Scraped caption text data:
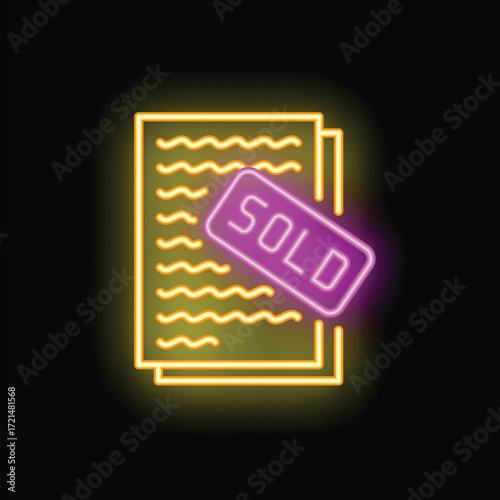 Neon glowing icon of a contract with a sold sign, perfect for topics of commerce, business and law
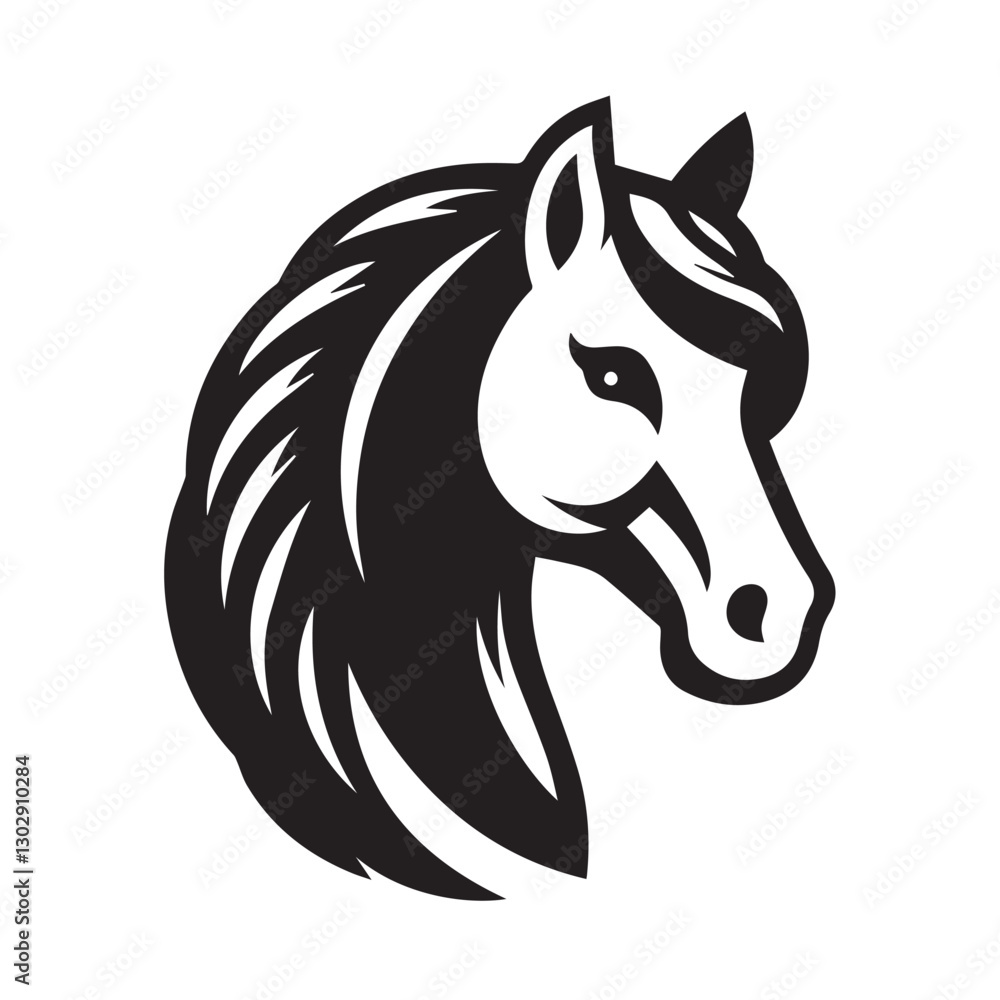 Obraz premium Bold horse head silhouette design for logo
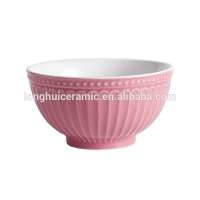 5.5inch two tone petal flower embossed salad bowl ceramic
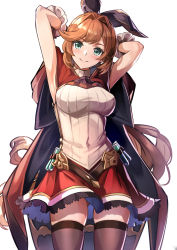 Rule 34 | 1girl, alisia0812, armpits, arms up, black thighhighs, breasts, brown hair, cape, clarisse (granblue fantasy), gloves, granblue fantasy, green eyes, highres, long hair, looking at viewer, medium breasts, simple background, skirt, sleeveless, sleeveless sweater, smile, sweater, thighhighs, white background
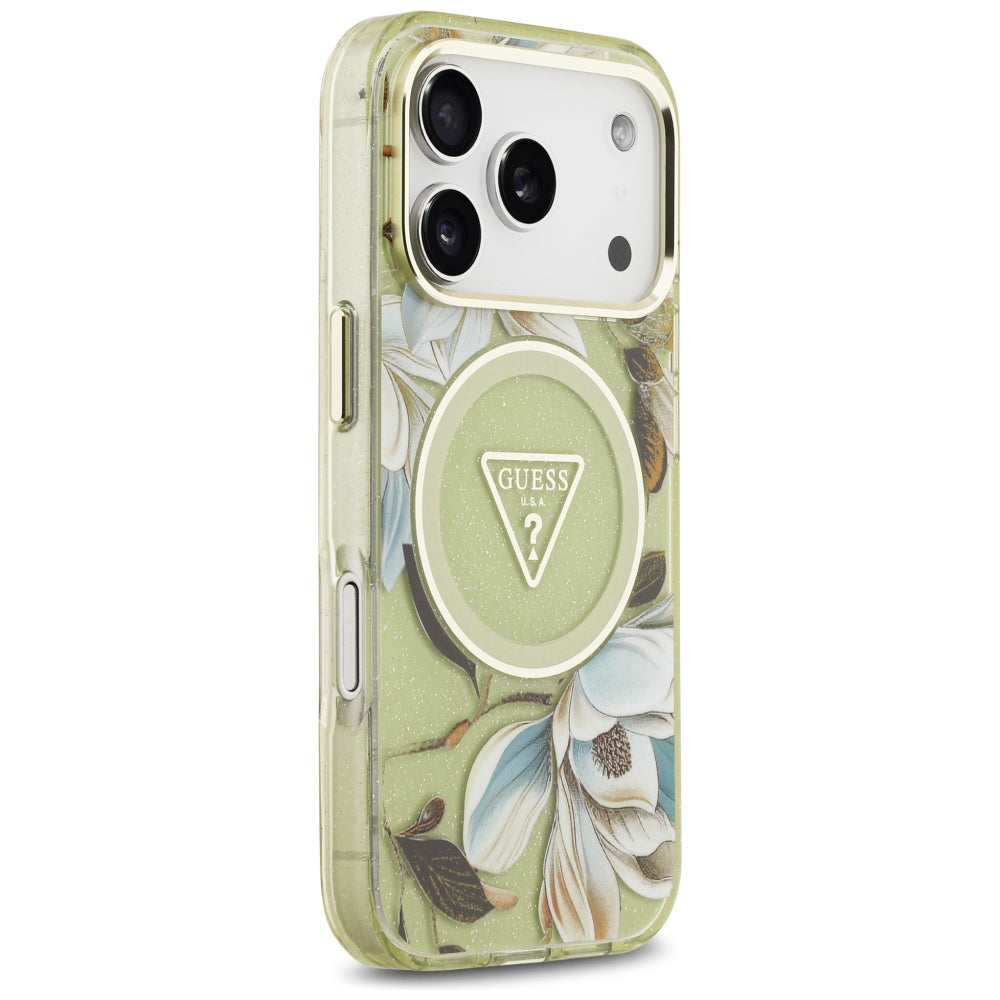 Husa MagSafe pentru Apple iPhone 18 Pro / 17 Pro, Guess, IML Metal Glitter Flowers Triangle, Verde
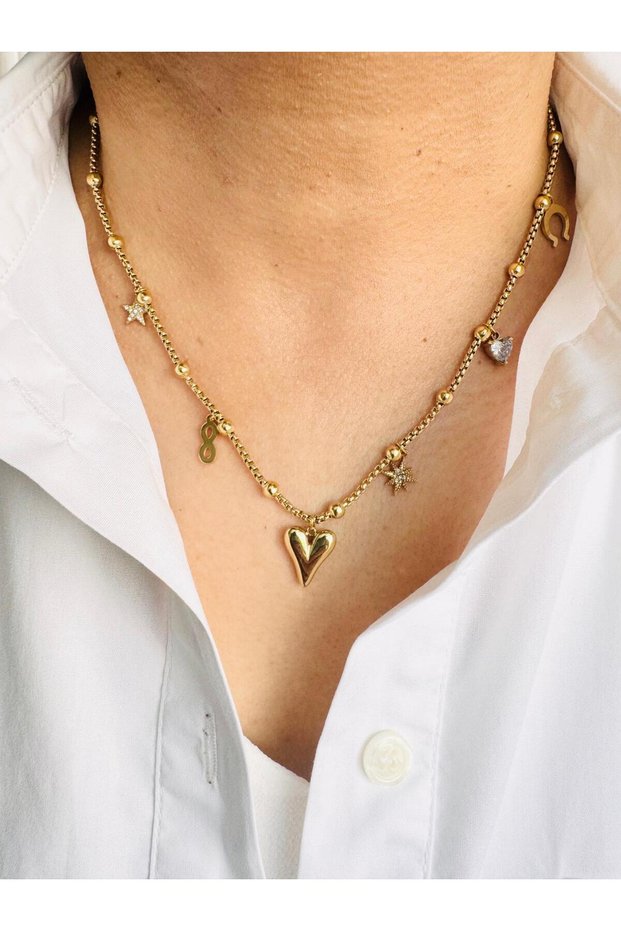 Steel Heart Star Nal Topcuk Chain Necklace 45 cm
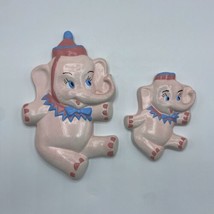 Vintage Circus Elephants Wall Decor Chalkware Set Baby Nursery 60’s Pink... - $23.38
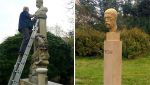 Nowe pomniki Masaryka w Sloupie oraz w Krompachu (po prawej). Źródło: idnes.cz
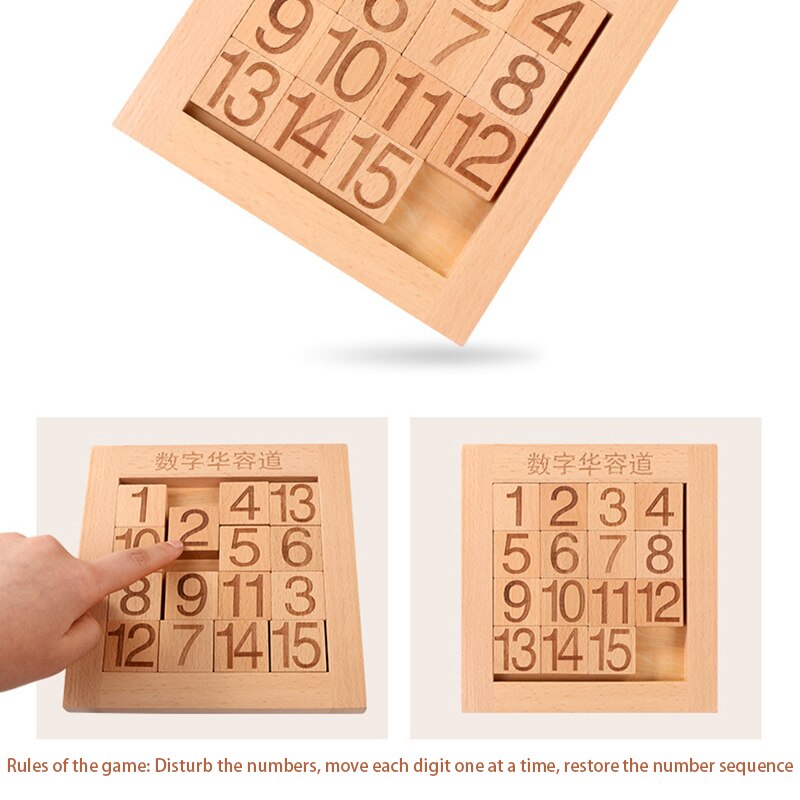 Klassieke Digitale Puzzel Houten Puzzel Spel Toy Chinese Traditionele Drie Koninkrijk Huarong Dao Manier Klotski Sliding Puzzel Speelgoed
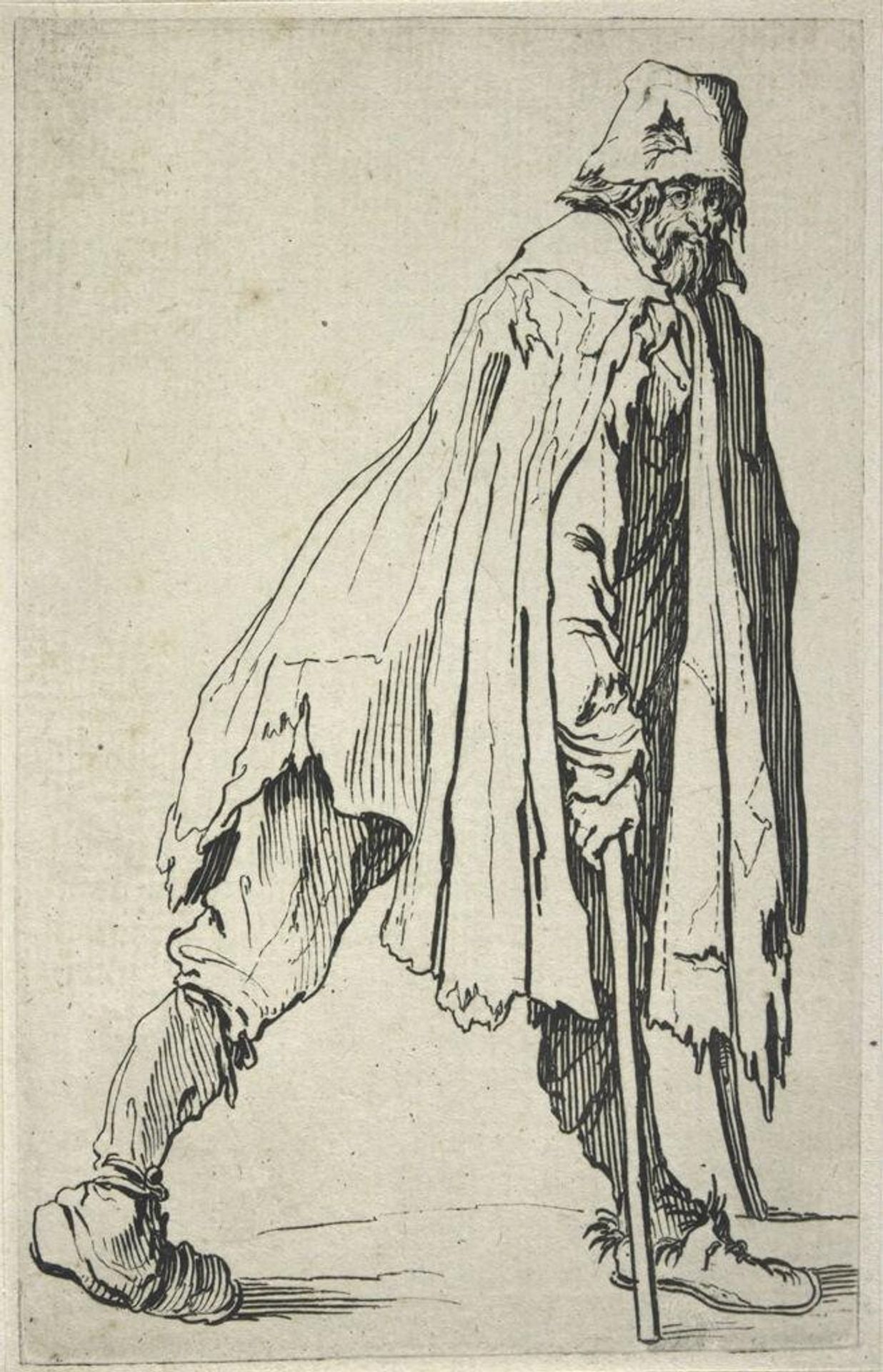 Beggar on Crutches, Wearing a Ragged Bonnet by Jacques Callot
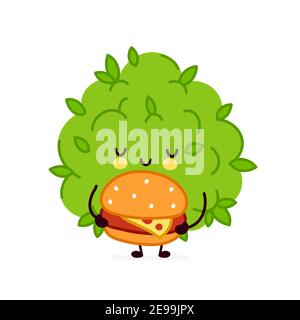 Nette lustige Marihuana Unkraut Knospe Charakter mit Burger. Vektor flache Linie Cartoon kawaii Figur Illustration Symbol. Isoliert auf weißem Hintergrund. Unkraut Gesicht Charakter Maskottchen Konzept Stock Vektor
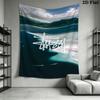 Teal Skull Pattern Tapestry, Vintage Street Brand Text Logo Collage Wall Hanging Aesthetic Decor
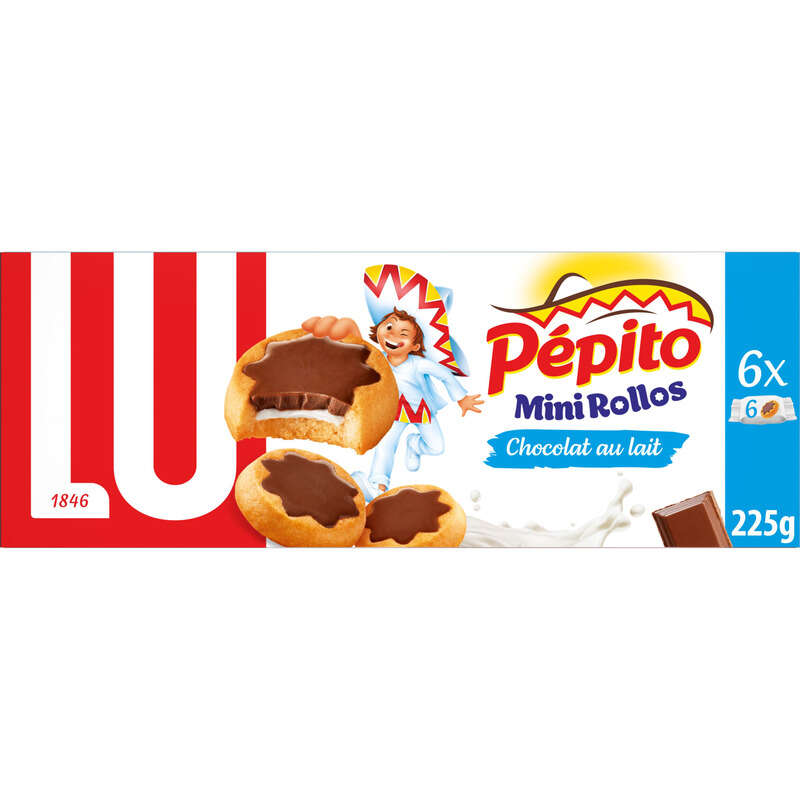 Lu Pepito Mini Rollos Biscuits fourrés & nappés de Chocolat au Lait 225g Lu Pepito Mini Rollos Biscuits fourrés & nappés de Chocolat au Lait 225g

- _Task item_
Drop the images and return the data verbatim.

- _Answer to the problem_
 Neon glowing icon of a contract with a sold sign, perfect for topics of commerce, business and law
 Obraz premium Bold horse head silhouette design for logo
 5.5inch two tone petal flower embossed salad bowl ceramic
 Rule 34 | 1girl, alisia0812, armpits, arms up, black thighhighs, breasts, brown hair, cape, clarisse (granblue fantasy), gloves, granblue fantasy, green eyes, highres, long hair, looking at viewer, medium breasts, simple background, skirt, sleeveless, sleeveless sweater, smile, sweater, thighhighs, white background
 Husa MagSafe pentru Apple iPhone 18 Pro / 17 Pro, Guess, IML Metal Glitter Flowers Triangle, Verde
 Steel Heart Star Nal Topcuk Chain Necklace 45 cm
 Vintage Circus Elephants Wall Decor Chalkware Set Baby Nursery 60’s Pink... - $23.38
 Nowe pomniki Masaryka w Sloupie oraz w Krompachu (po prawej). Źródło: idnes.cz
 Klassieke Digitale Puzzel Houten Puzzel Spel Toy Chinese Traditionele Drie Koninkrijk Huarong Dao Manier Klotski Sliding Puzzel Speelgoed
 Beggar on Crutches, Wearing a Ragged Bonnet by Jacques Callot
 Nette lustige Marihuana Unkraut Knospe Charakter mit Burger. Vektor flache Linie Cartoon kawaii Figur Illustration Symbol. Isoliert auf weißem Hintergrund. Unkraut Gesicht Charakter Maskottchen Konzept Stock Vektor
 Teal Skull Pattern Tapestry, Vintage Street Brand Text Logo Collage Wall Hanging Aesthetic Decor
 Lu Pepito Mini Rollos Biscuits fourrés & nappés de Chocolat au Lait 225g Lu Pepito Mini Rollos Biscuits fourrés & nappés de Chocolat au Lait 225g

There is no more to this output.